■ **Available data**
((
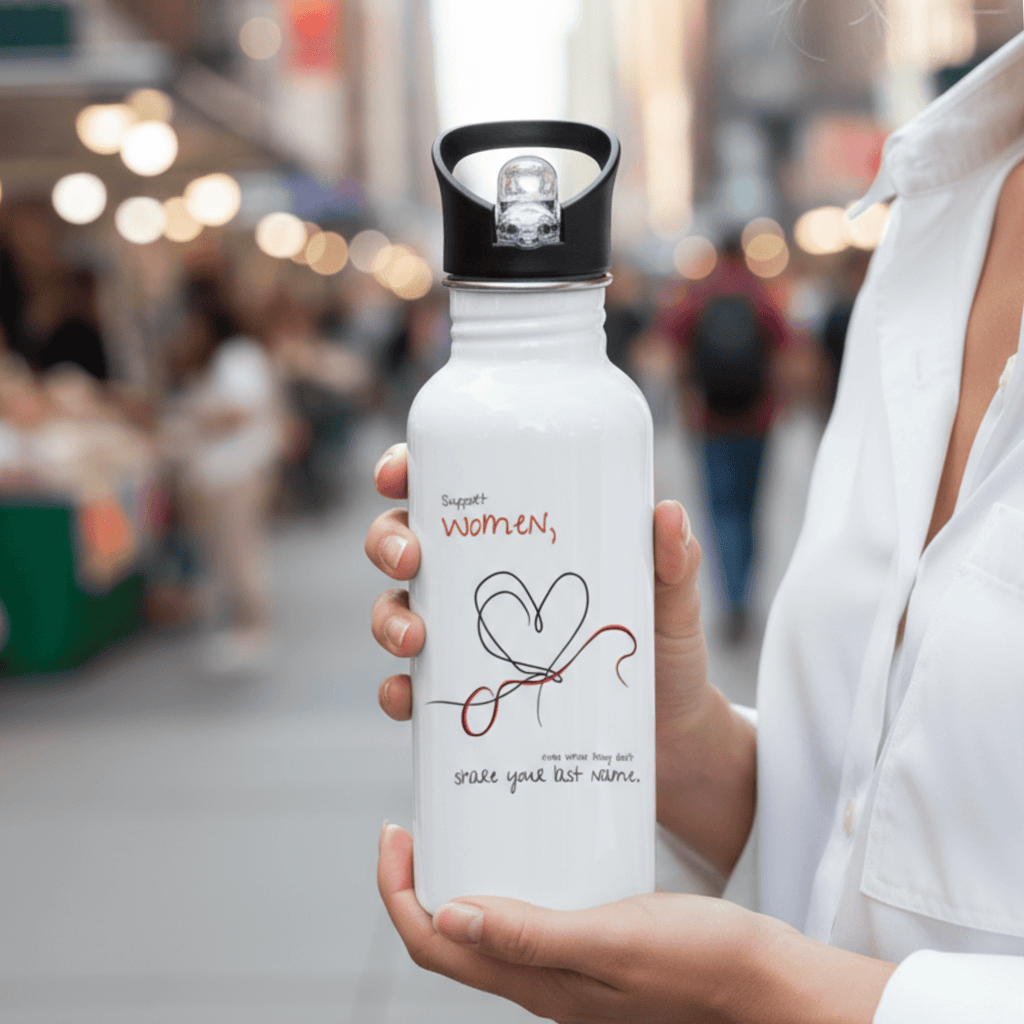 No Shit Shirts - Trinkflasche: Support women, even when they don’t share your last name. - Society & Patriarchy - basic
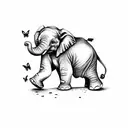 baby elephant with butterfly on the trunk tattoo design idea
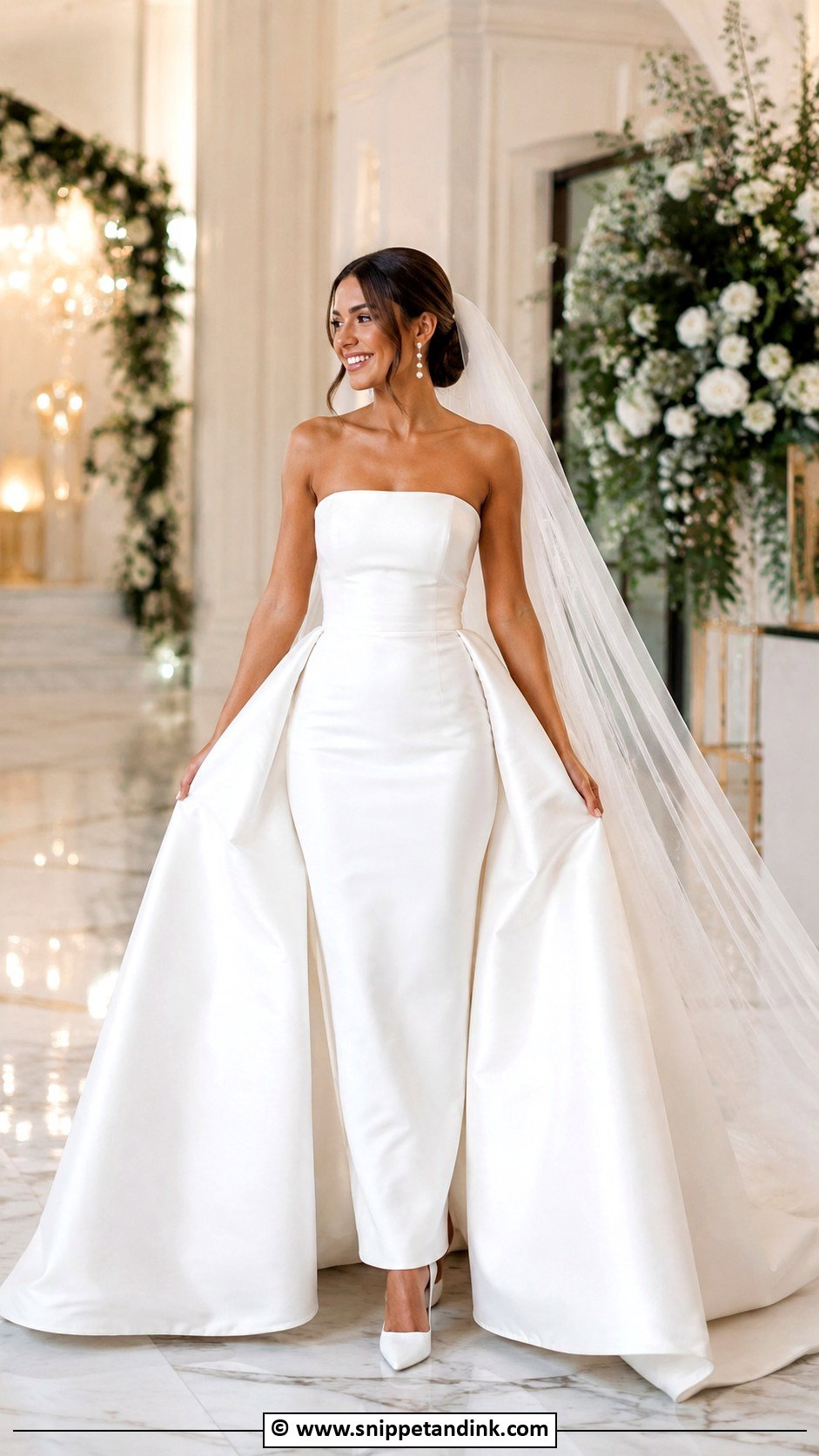 Detachable Overskirt Wedding Dress Outfit - Snippet and Ink - 25 Bride Wedding Outfits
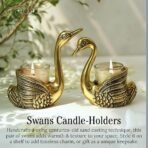 BEHOMA Aluminium Pair of Swans for Good Luck | Feng Shui Love Gifts Candle Holder for Home Decor Living Room | Showpiece Wedding Gift for Valentine's Day for Couple (Candles not Included) Gold - Image 3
))
■ **Task details**
Output only the lines from the line that contains "baby elephant with" through the end of the material, both ends included, and skip every picture.

■ **Result**
 baby elephant with butterfly on the trunk tattoo design idea
 Detachable Overskirt Wedding Dress Outfit - Snippet and Ink - 25 Bride Wedding Outfits
 BEHOMA Aluminium Pair of Swans for Good Luck | Feng Shui Love Gifts Candle Holder for Home Decor Living Room | Showpiece Wedding Gift for Valentine's Day for Couple (Candles not Included) Gold - Image 3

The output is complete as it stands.